イヨマンテの夜

菊田一夫 作詞、古関裕而 作曲
歌:伊藤 久男

「イヨマンテの夜」は、作詞・菊田一夫、作曲・古関裕而、歌・伊藤久男/コロムビア合唱団の歌謡曲。
「イヨマンテ」とはアイヌ語で「送り儀式」のことで、「熊祭り」の字を当てることも多い。全2番。
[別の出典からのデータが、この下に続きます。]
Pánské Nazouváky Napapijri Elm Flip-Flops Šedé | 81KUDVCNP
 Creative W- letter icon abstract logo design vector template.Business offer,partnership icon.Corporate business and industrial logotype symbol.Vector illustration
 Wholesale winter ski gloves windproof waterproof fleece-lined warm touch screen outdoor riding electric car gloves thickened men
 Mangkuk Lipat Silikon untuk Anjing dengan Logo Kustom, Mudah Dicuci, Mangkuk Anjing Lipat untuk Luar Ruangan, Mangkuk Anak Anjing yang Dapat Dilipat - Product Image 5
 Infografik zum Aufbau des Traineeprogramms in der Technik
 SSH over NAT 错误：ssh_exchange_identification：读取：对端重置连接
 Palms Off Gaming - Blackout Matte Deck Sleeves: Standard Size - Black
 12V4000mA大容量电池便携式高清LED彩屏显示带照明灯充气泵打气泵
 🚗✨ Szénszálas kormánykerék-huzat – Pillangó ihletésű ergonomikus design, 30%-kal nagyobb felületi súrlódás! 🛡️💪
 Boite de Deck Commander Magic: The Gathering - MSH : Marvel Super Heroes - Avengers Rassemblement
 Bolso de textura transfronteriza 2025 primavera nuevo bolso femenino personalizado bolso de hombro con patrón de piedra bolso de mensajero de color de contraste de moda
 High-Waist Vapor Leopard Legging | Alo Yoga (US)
元々はNHKのラジオドラマ『鐘の鳴る丘』の劇中の山男をテーマとして、生放送の中、古関がハモンドオルガンで即興的に演奏した曲だった。山男が「アーアー」と口ずさむだけのメロディだったが、たまたま番組を聴いていた伊藤が、曲を気に入り採譜。菊田と古関もこれを気に入り、ひとつの作品として残すことになった。改めて古関が作曲、ドラマの脚本を書いた菊田が当時、アイヌの作品を手がけていたため、アイヌ的な単語を当てはめた歌詞を加え、1950年 1月にレコード発売された。

「アーホイヨー」の歌い出しは雄叫びにも似て、伊藤が朗々と歌い上げる。リズム的にも大変難しく、男性的な歌謡曲の典型で、1950年から1952年頃の『NHKのど自慢』ではほとんどの男性出場者がこの曲を選択し、審査員を困らせた。その後ののど自慢でも、長らく声量自慢の年配者が歌う姿が見られた。

アイヌに題材を採ってはいるが、かがり火をたいて祭りを行うものになっていたり(送り儀礼は日中行われる部分が多く、夜間にもかがり火は焚かない)、アフリカの楽器であるタムタム(但しこの部分は単なる擬音ともとれる)が登場するなど、実際のアイヌの儀式や伝統曲とはかけ離れた面も多い。

アイヌを題材にした歌謡曲としては他に映画版『君の名は』第2部の主題歌『黒百合の歌』がある。異教的な雰囲気など、両者には共通点が見られる。作詞、作曲は同じく菊田・古関コンビで、織井茂子の歌でレコード化された。